You may have seen the news that Apple had $200bn wiped off the value of its stock on Wednesday/Thursday last week.
It followed reports China had banned government workers from using iPhones, and that state companies and other state-backed organisations would be next.
Roughly $1 in every $5 of Apple revenue comes from China, so a market reaction was to be expected. However, a $200bn drop on a near-$3trn company was a fairly modest decline of 6.4%.
Spare a thought for investors in two FTSE firms, whose shares slumped 9.4% and 17.9% at the same time as Apple was making headlines.
The UK stocks (I’ll get to them shortly) were hit by a domestic event entirely unrelated to the US-China tech war. But they and Apple got me thinking about risk.
Geopolitical
Like the US-China tech war, Russia’s invasion of Ukraine is an example of geopolitical risk. Polymetal International was one notable victim of it.
The company was listed on the London Stock Exchange at £9.20 a share in 2011, and reached a high of around £20 in 2020, cementing its status as the FTSE 100‘s premier gold miner.

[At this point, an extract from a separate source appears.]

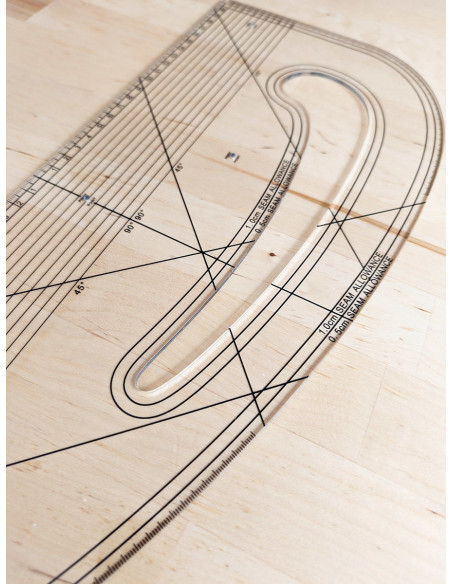 Multifunctional Sewing Rule Pattern Maker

However, its mines are in Russia and Kazakhstan. The shares collapsed when Russian tanks rolled into Ukraine. They were trading in the £2 region when they were suspended and delisted from the London Stock Exchange last month.
Warning
In its London listing prospectus, Polymetal had detailed the many risks related to operating in Russia, including a government that at times acts arbitrarily and sometimes outside the law.
It warned that Polymetal “is suitable only for sophisticated investors who fully appreciate the significance of the risks involved.”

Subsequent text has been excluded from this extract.